It's really not anything like 1939 in that sense.


----------



## S McKee (22 Nov 2005)

> [author=TAS278 link=topic=36533/post-299035#msg299035 date=1132685374]
> Here ya have it. When you were a kid you were probably taught that two wrongs don't make a right. With that I said stupid *or* naive.



Actually my parents abandoned me in the woods when I was an infant, and I was raised by a pack of wolves. So my parents didn't teach me anything. Having said, that I still don't know WTF your talking about.



> You seemed to agree with GO!! and that was my premise to disagree with you.



GO stated he doesn't believe in torture either, so what is your "premise" for disagreeing with me.



> It is all fine for use to sit in and Canada and pass judgement. We, as the rest of the world all have that right. Are you in beleif we should accompany our neighbors in this fight for the hearts and minds of the Iraqis that really in Canada's interest?



Canada's involvement/non-involvement in the War was not the issue here. The issue was whether or not we believed what happened to the detainees at Abu Ghraib was torture. I believe they were not tortured.



> How long ago now did  MR. G.W. Bush state "The War is coming to an end". I don't think it would have been wise for Canada to commit to a long drawn out war when we can barely even trust our own government.



Your entitled to your opinion. Hey I didn't call you stupid!



> We all know that torture is torture and there are laws that have been written in blood to keep these atrocities reoccuring.



What is your definition of "torture" and what are these laws "written in blood"? 



> Laws don't care that you are angry or that someone "chopped off a guys head". They are there and we follow them. For us to bend our own rules to suit our emotion would leave us to behave exactly like these extremists.



You obviously do not understand the concept of punishment as it relates to the law. If someone has been found guilty of a heinous crime, when he/she is sentenced there is an element of retribution built into the sentence. This is to placate public outrage and instill a sense of justice. The law is not emotionless, we do not live on the planet Vulcan.  



> We fight to protect the innocent. To insure that the future is secure for our children.
> Extremists fight because they are angry, they fight for no cause but their own personal vendetta.



Again your opinion. See I still haven't called you stupid!
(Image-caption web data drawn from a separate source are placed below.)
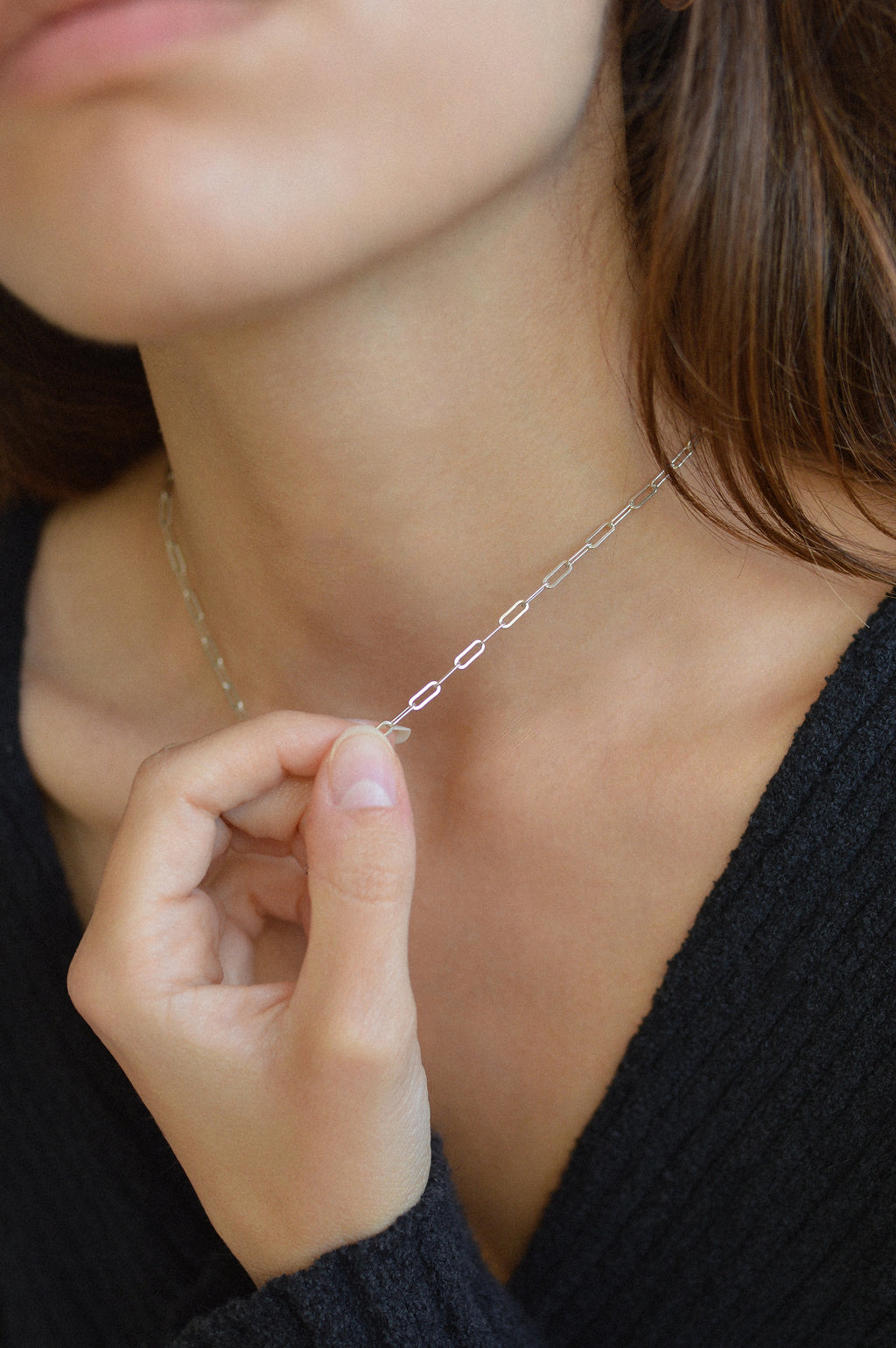 2.5mm Paperclip Chain Necklace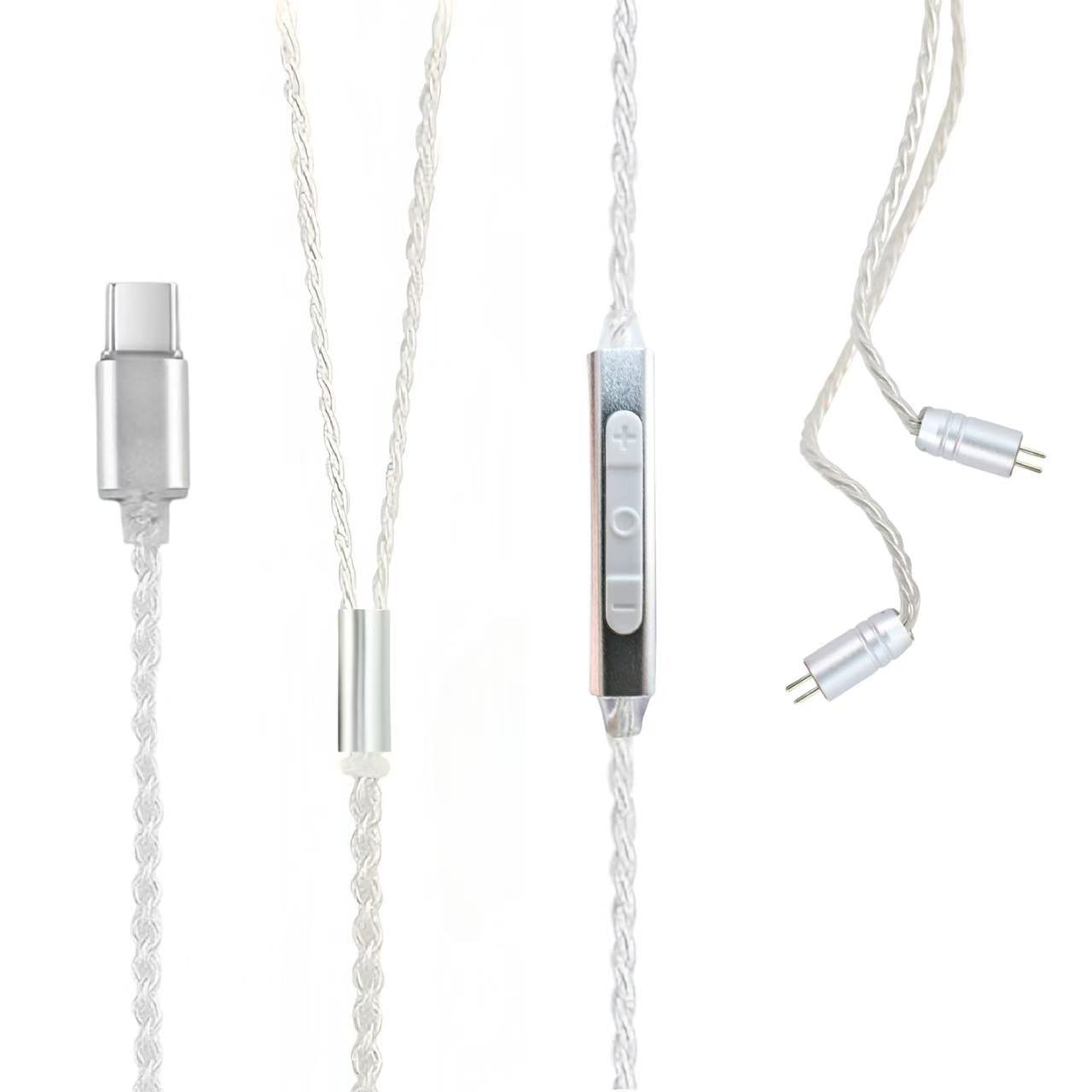 8-core silver-plated copper cable 2-pin ICE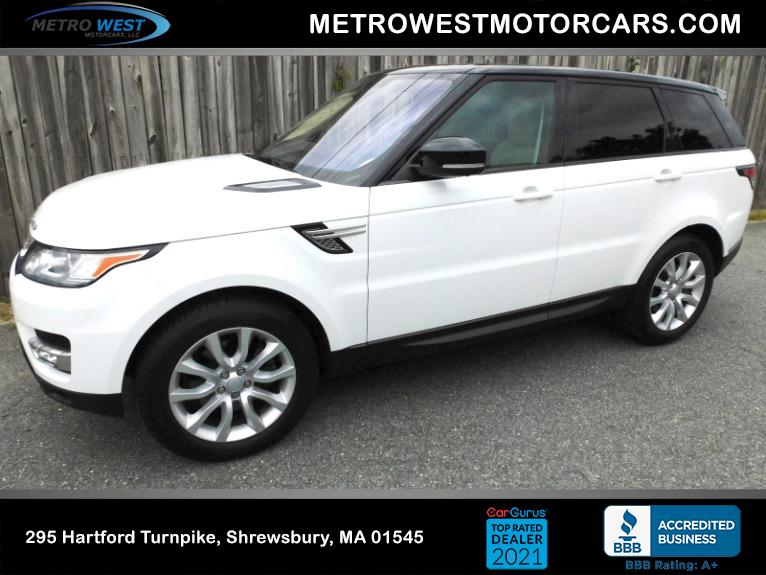 Used Used 2016 Land Rover Range Rover Sport HSE for sale $31,800 at Metro West Motorcars LLC in Shrewsbury MA
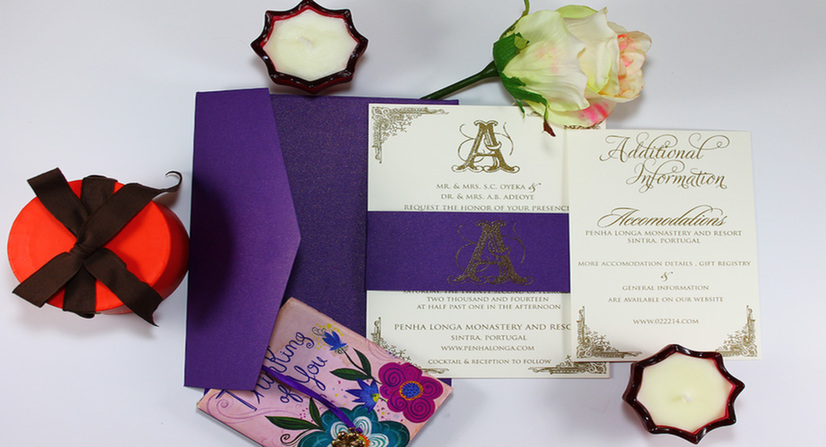 bellyband thermo wedding invitations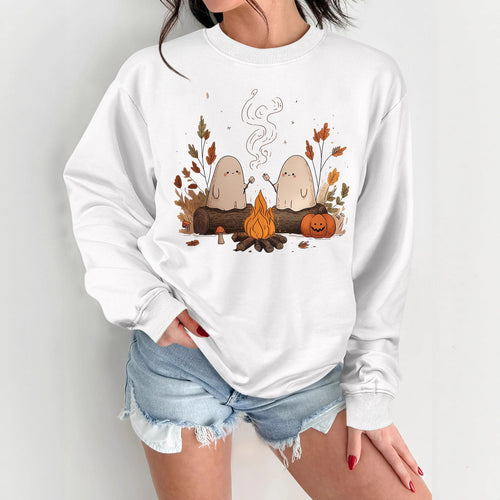 Kvinders sweatshirt med legende spookymotiv og behagelig pasform Stilla
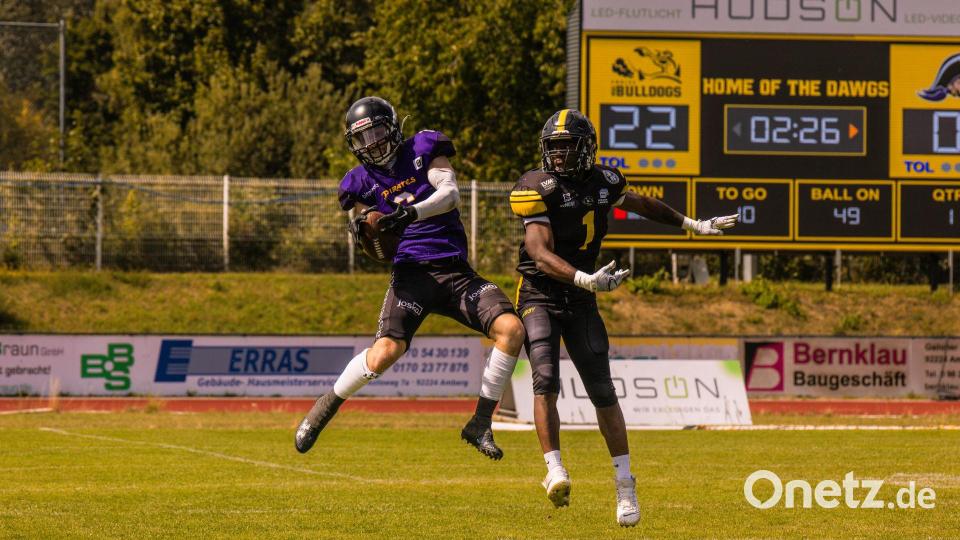 Szenen vom 66:7-Heimsieg der Amberg Mad Bulldogs gegen die Passau Pirates am 20. Juli 2025. Bild: Philipp Ponader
> I disagree with the "war" on Iraq because it was started illegally. Even when it was proven that they made a mistake the Americans said "oops" and carried on with their own personal agenda.
> I knew that it would take this long. I that the Americans would punish everyone who didn't follow them economically.



Who is being punished?



> With that little /rant said I believe the Americans involved in Abu Ghraib are guilty of torture and should be punished to full extent of the law.



Wow what a well thought out, logical and well presented argument. You've won me over.  F***king Americans!


----------



## Michael Dorosh (22 Nov 2005)

I think he was trying to make the case that the US is punishing Canada "economically" (his words) by a hard stance on Canadian beef and softwood lumber exports into the US, for just two examples.   I think one would be hard pressed to find "evidence" one way or another.   On its own, hard stances on these products are not indicative of vindictiveness.

See the debate here:

http://forums.army.ca/forums/threads/36564.15/topicseen.html

I'm not attempting to connect any dots here, just clarifying what the orignal poster's claim may have been.  He is free to correct me if necessary.


----------



## GO!!! (22 Nov 2005)

TAS278 said:
			
		

> Here ya have it. When you were a kid you were probably taught that two wrongs don't make a right. With that I said stupid *or* naive.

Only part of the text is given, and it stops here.